Closed 3rror404 closed 2 years ago

3rror404 commented 2 years ago

Allows some or all of the ann miner settings to be loaded via a JSON file.

Provide either a path to a local file or a URL to a web-accessible file/API in the --config CLI argument.

./target/release/packetcrypt ann --config "/path/to/config.json"

Or

./target/release/packetcrypt ann --config https://example.com/config.json

A config.json file can be generated here for testing: https://config.pkt.watch


I’m a Rust novice. I’m not 100% confident with the code. So feel free to point out anything that looks poor/wrong and I’ll try to fix it.

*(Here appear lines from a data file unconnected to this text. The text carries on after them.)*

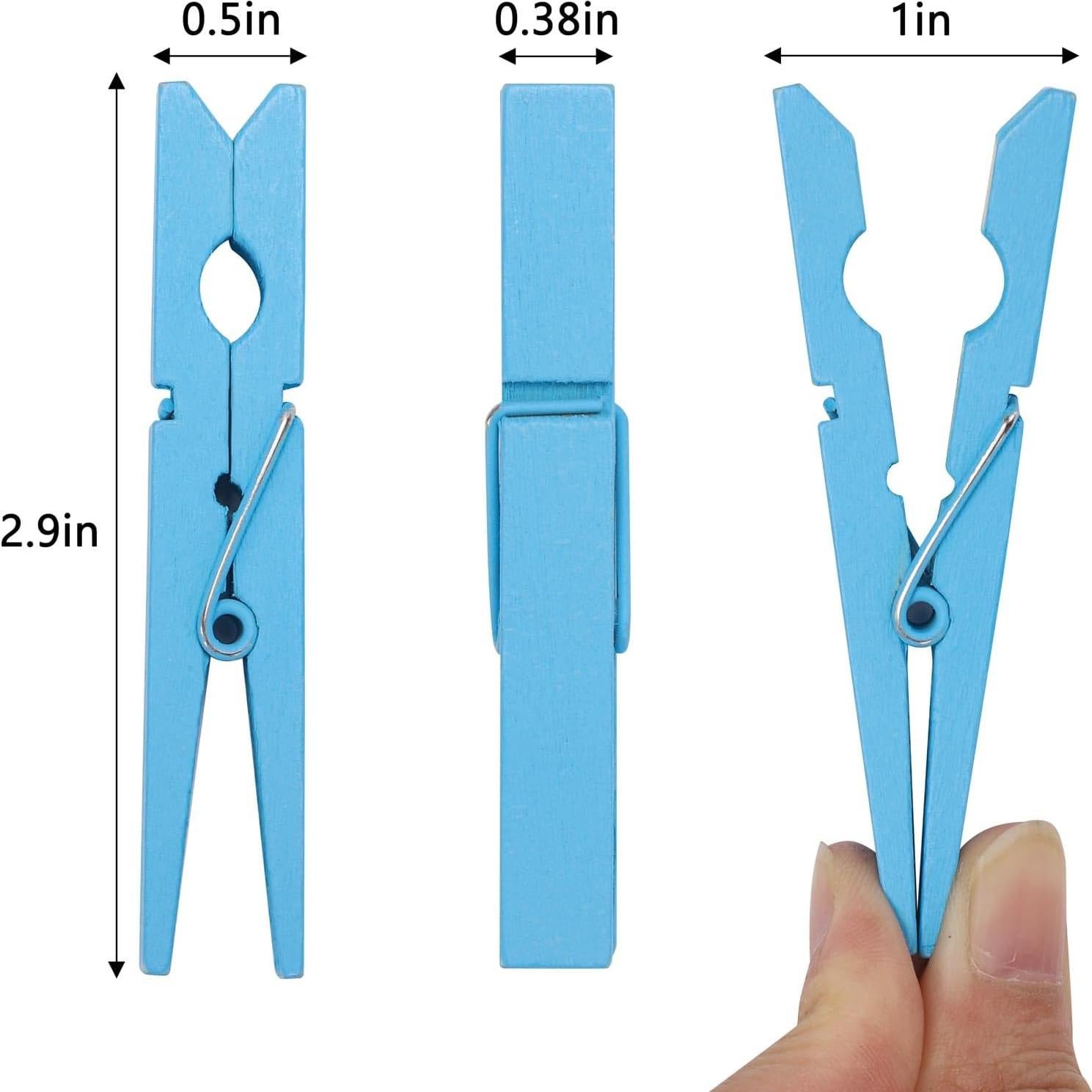 100 Pinzas de Madera Coloreadas Tecbeauty 7.37 cm para Manualidades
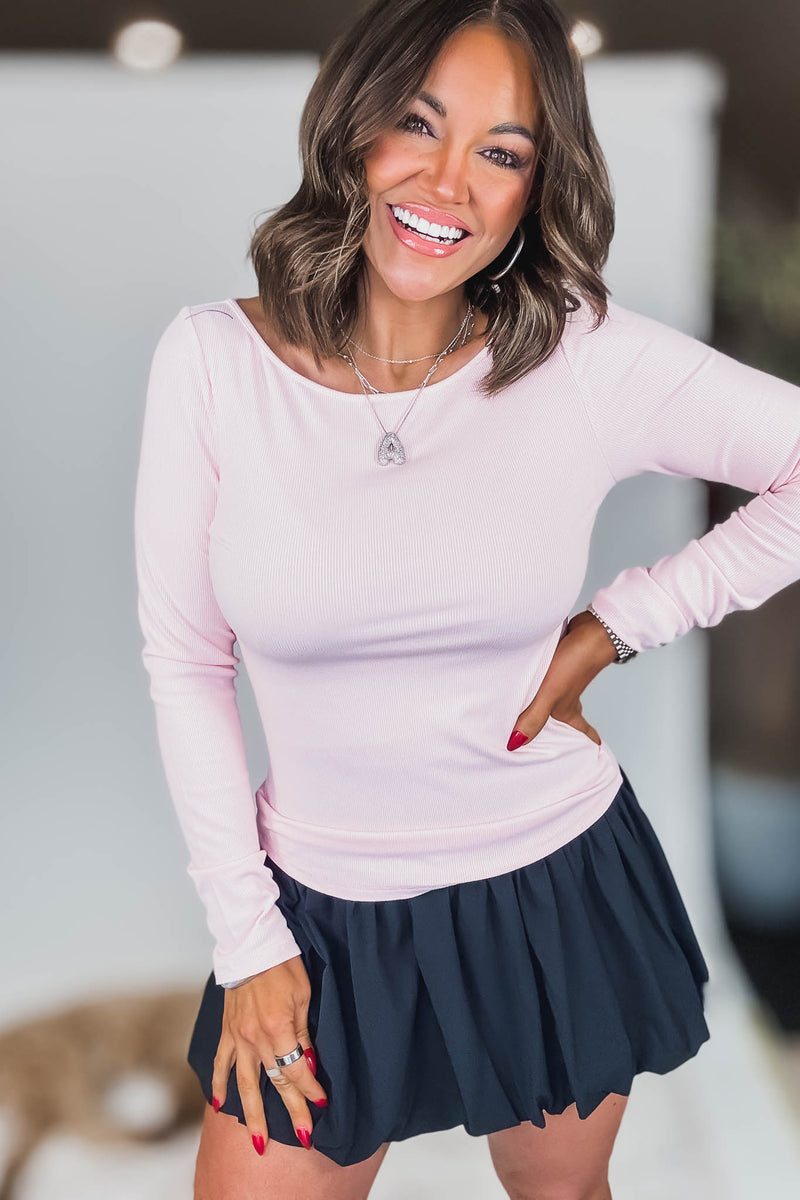 Barely There Chalk Pink Boat Neck Micro-Ribbed Top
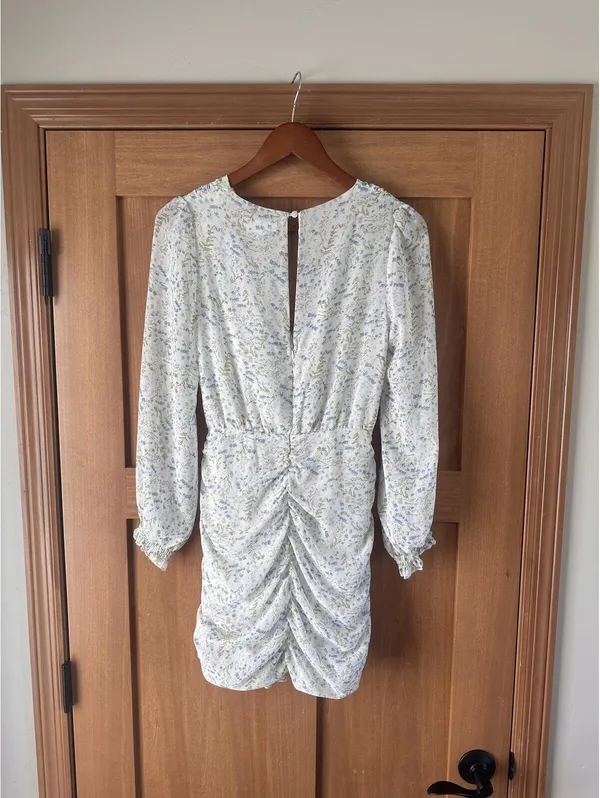 MABLE Ruffle Ivory / Blue Floral Puff Sleeve Rouched Mini Dress Women’s Small - Image 5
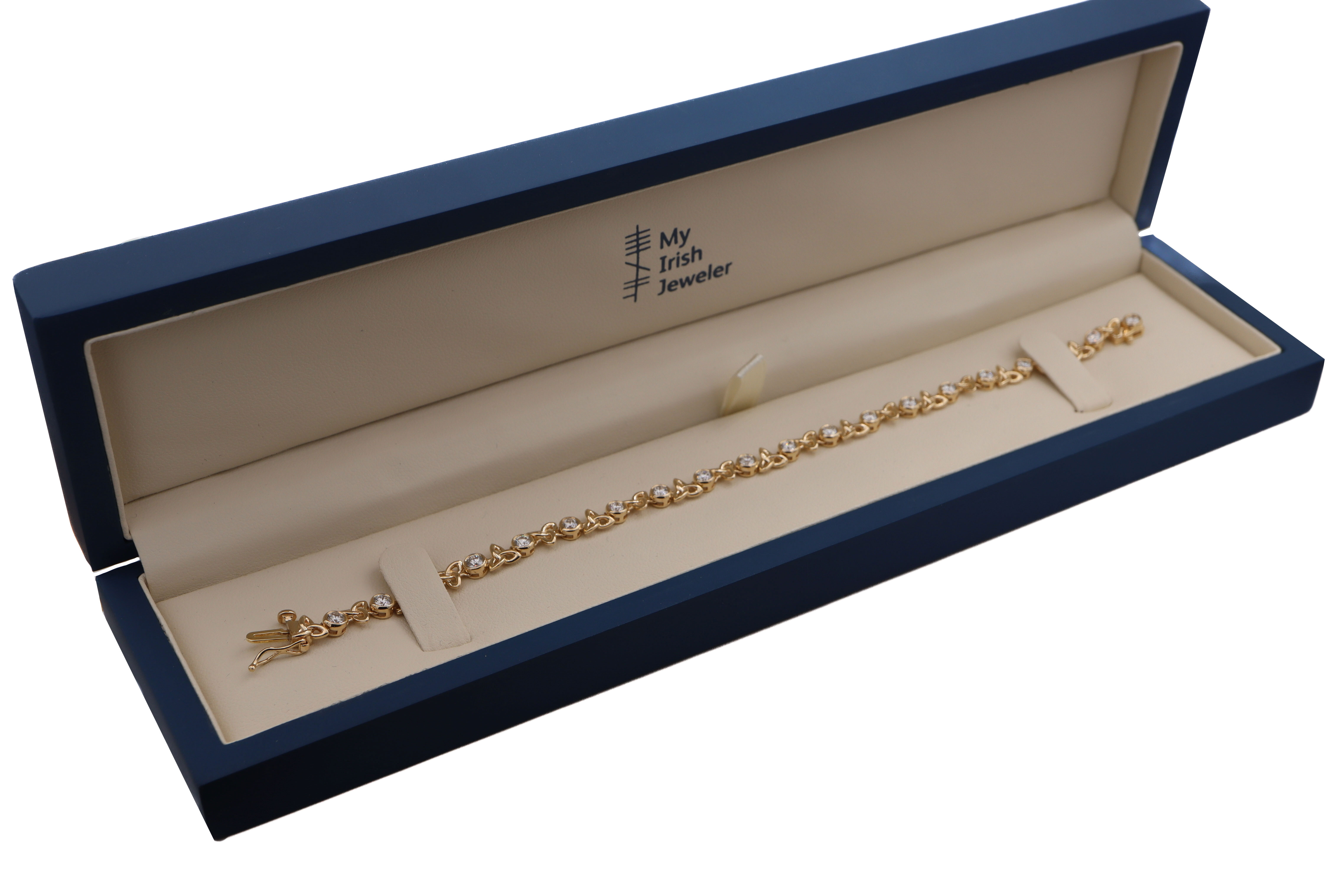 Womens Polished Trinity Knot Bracelet in Real Yellow Gold. In Luxury Packaging.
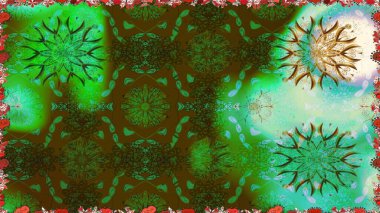 Raster illüstrasyonunda kusursuz çiçek deseni. Yeşil renkte çiçekler.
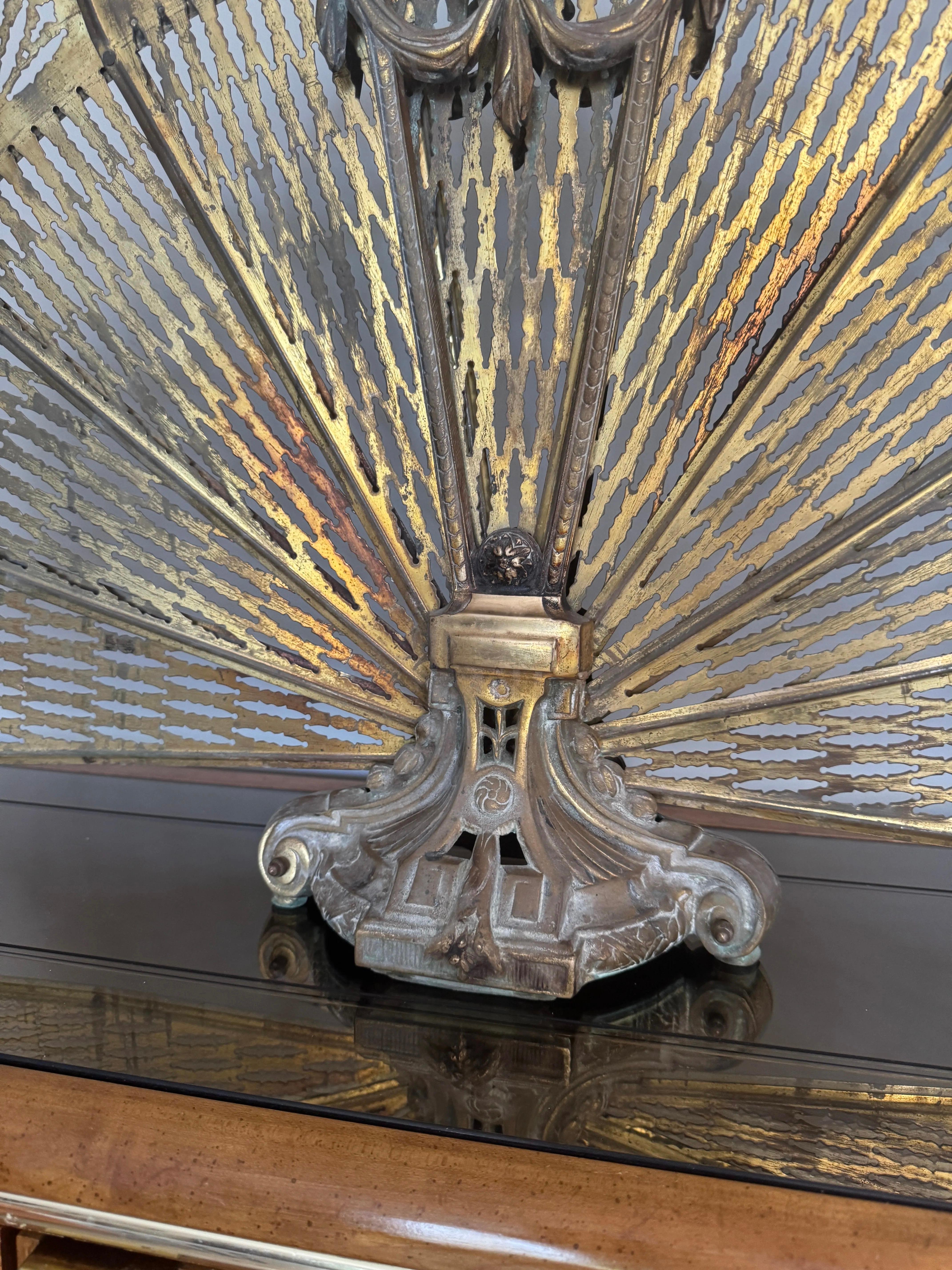 20th Century Vintage 1920s Victorian-Style Brass Peacock Cameo Folding Fireplace Fan Screen For Sale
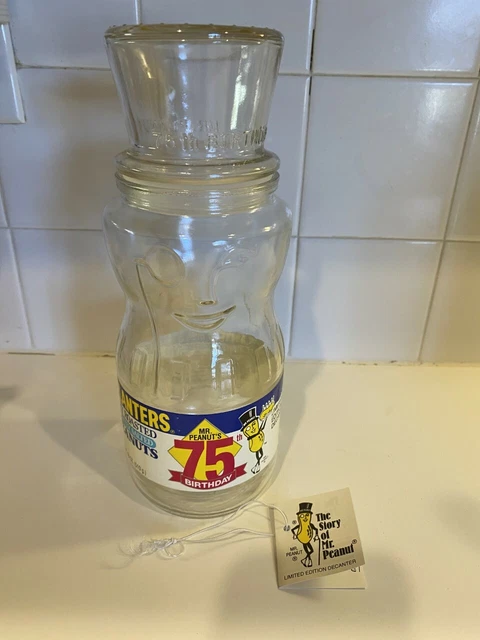 75th Birthday Anniversary Planters Peanuts Mr. Peanut Glass Jar with Label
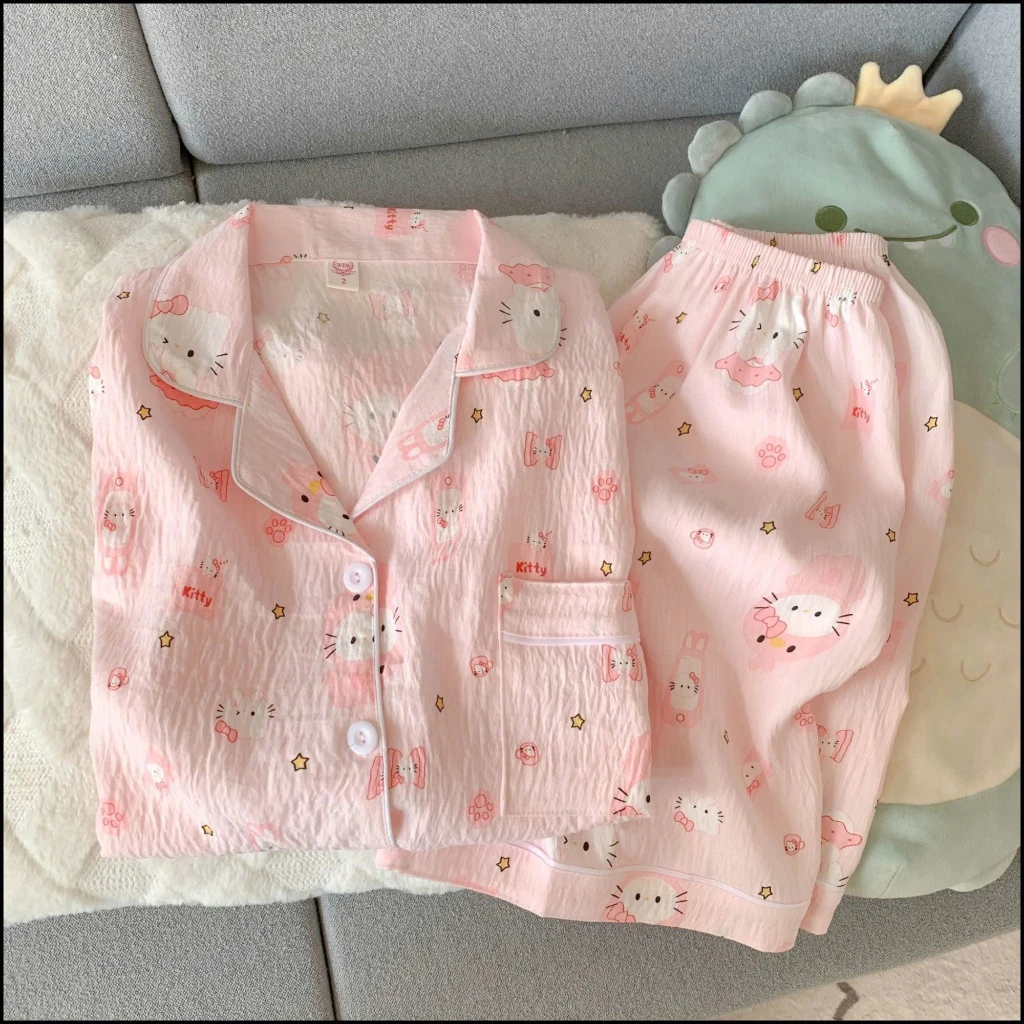Sét Bộ Pijama áo kèm quần, Đồ Bộ Mặc Nhà Nữ Dáng Cộc Hoạt Hình Dễ Thương Mùa Hè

cjdelisle commented 2 years ago

Agree, better put serde / serde_json at 1.0 and let bug fixes happen from time to time. Of course I would update just after a release rather than before, but it's the same idea.

3rror404 commented 2 years ago

Thanks guys. My understanding was that only the left most number is pegged. So using 1.0.136 would allow any versions >=1.0.136 & < 2.0.0. Am I reading this incorrectly?

The string "0.1.12" is a version requirement. Although it looks like a specific version of the time crate, it actually specifies a range of versions and allows SemVer compatible updates. An update is allowed if the new version number does not modify the left-most non-zero digit in the major, minor, patch grouping

https://doc.rust-lang.org/cargo/reference/specifying-dependencies.html#specifying-dependencies-from-cratesio

Frank-Buss commented 2 years ago

Interesting, didn't know this, this doesn't look very intuitive :-) But maybe still better to just use 1.0, unless you need at least 1.0.136.

3rror404 commented 2 years ago

Just testing now. I don't think 1.0.136 is necessary - I only used that version because it was used in the snippet on crates.io.

rsalmei commented 2 years ago

Out of curiosity, cargo does use some unintuitive SemVer ranges. The one we grow to expect would be the tilde requirements which is not much used. There are special cases for "0.x.x" versions, which are deemed not stable yet, and also for "1.x.x" ones.